■セブンアイ
 
「憧れの人」


 小学生を持つ友人から、傑作なメールをもらい、夜中に笑い転げてしまった。彼女もご主人も、小学校3年の娘さんも、夏休みの間、宿題そっちの気で、一家揃ってアテネ五輪を朝まで観続けていたらしい。
 娘さんは運動は得意でないからこそ、初めて両親と見たオリンピックのアスリートに心から感動し、画面に釘付けになっていたようである。小学生にとってはかなり過酷な前半のメダルラッシュをサバイバルした8月23日、ついに「憧れの人」を見つけた。

 新種目でありながら2つの金、銀と銅メダルを獲得した女子レスリング、55キロ級の吉田沙保里(中京女子大)が金メダルを決めた瞬間、栄 和人監督に駆け寄り感激の抱擁を交わすのか、と思った瞬間、55キロの彼女が68キロの監督をひょい、と肩車した。現地で取材しながら、会場に沸いた驚きの歓声や拍手、笑いといったものは、涙の感動シーン以上に深く印象に残る、大好きなシーンのひとつである。同時に、ついに、女が男を肩車する、しかも軽々と、両手なんか放しちゃったりする時代がやってきたのだ、という鮮烈な、歴史的シーンでもあったと思う。

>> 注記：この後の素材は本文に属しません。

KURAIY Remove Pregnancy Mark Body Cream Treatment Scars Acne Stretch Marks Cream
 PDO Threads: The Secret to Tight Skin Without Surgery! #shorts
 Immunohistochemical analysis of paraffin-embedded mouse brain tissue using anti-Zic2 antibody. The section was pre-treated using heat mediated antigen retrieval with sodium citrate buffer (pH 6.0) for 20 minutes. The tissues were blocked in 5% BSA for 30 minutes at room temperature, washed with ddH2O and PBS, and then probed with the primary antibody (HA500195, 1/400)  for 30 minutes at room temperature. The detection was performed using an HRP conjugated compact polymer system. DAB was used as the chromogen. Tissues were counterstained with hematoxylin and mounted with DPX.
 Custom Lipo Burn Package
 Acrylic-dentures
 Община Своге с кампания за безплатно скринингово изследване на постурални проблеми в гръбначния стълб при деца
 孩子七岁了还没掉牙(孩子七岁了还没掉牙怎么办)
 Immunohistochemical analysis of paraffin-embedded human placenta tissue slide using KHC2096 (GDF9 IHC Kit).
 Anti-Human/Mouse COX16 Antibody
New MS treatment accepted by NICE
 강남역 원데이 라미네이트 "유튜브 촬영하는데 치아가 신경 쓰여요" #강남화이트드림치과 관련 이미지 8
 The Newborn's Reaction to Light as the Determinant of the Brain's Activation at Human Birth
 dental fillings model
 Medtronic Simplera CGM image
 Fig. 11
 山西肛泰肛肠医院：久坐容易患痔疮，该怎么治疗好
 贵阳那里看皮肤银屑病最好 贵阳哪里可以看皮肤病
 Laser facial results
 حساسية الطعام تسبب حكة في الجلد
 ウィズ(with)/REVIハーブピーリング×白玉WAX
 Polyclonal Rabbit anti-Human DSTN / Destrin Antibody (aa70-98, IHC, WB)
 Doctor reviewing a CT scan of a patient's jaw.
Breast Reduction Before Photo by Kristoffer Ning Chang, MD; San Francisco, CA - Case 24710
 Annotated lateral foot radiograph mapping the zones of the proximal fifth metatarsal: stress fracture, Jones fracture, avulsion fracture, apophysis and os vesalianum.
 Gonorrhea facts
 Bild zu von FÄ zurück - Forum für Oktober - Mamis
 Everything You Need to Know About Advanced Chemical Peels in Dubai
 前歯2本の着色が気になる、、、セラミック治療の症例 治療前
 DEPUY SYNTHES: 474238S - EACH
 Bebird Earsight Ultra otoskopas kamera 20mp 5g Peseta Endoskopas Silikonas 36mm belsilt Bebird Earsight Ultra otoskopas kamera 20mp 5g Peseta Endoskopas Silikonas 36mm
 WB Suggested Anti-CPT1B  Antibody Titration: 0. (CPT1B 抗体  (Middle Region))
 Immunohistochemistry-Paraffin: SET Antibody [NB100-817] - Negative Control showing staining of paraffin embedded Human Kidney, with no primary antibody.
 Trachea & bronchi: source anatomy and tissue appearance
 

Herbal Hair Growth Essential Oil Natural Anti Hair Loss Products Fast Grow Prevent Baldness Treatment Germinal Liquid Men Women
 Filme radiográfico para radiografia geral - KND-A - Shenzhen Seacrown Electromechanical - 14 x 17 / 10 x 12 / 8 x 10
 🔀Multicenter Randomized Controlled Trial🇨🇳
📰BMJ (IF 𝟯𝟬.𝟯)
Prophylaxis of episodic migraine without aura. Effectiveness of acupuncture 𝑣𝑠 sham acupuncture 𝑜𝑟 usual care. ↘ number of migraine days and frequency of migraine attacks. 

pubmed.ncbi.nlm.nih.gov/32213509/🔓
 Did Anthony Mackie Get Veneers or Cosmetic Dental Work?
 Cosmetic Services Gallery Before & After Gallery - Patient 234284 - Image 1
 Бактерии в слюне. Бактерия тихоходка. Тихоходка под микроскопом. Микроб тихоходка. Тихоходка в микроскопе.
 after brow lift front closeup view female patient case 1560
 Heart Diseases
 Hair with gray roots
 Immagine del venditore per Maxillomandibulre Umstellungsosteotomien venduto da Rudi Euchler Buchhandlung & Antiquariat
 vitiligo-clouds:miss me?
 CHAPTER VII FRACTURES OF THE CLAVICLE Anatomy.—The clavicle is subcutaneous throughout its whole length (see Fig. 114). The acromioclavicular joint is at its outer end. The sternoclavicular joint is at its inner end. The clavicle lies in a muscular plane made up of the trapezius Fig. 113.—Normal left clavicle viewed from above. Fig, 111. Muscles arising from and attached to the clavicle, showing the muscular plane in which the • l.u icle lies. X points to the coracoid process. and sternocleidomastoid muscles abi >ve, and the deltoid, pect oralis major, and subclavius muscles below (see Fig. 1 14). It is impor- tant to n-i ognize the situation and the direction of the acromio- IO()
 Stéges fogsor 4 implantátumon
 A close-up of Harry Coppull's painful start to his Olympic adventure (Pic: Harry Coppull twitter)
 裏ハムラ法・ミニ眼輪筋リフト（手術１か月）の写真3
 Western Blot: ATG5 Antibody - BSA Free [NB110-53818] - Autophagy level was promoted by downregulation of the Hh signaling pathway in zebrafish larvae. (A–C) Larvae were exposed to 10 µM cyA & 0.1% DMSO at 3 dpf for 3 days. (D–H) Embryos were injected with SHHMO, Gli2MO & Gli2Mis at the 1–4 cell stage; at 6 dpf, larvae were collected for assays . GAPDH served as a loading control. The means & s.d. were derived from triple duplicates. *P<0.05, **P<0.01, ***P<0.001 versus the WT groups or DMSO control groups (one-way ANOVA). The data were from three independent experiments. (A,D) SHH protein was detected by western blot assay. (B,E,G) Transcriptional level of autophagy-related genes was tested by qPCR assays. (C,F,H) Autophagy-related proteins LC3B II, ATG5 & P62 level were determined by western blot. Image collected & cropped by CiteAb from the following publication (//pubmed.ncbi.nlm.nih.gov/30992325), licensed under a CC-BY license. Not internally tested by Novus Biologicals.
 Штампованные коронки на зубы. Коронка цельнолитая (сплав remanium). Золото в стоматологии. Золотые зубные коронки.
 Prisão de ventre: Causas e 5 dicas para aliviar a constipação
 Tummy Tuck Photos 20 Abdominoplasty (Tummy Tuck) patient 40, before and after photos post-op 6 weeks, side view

 小学生の彼女も素直に「凄い」と思ったらしい。吉田のように決して大きくは見えない女性が、最高峰で見せたパフォーマンスは、新学期になって登校した引っ込み思案の彼女を大変身させていた。
「体育の時間、なんと男の子を肩車しようとしたらしいの。そうしたら、ほかの何人かの女の子も、吉田さんのあの堂々としたポーズがよほどかっこよく見えたみたいで真似してみたらしいのよ。誰もできなかった、って娘は残念がっていたけれど。でもね、見違えるように体を動かすことが好きになったの。取材で会ったら、お礼言って下さい」
 逆肩車でお礼を言われる吉田も監督も、きっとこのコラムを読んで笑っているだろう。

 最近、女性雑誌にはなぜか「かっこいい女」という文字が躍っている。可愛いさよりもかっこ良さの時代なんだそうだ。しかし、かっこいい、とは、苦しい練習にひたすら耐え抜き、相手と、あるいは仕事と堂々と向き合い、そして吉田のように爽快な笑顔で胸を張る女性を指すのだ。私には、ファッションやスタイルよりも、男性を肩車した吉田に憧れる少女たちの純粋な気持ちが、よくわかる。
 でも肩車は真似しないようにね、世界一強い女性しかできないものだから。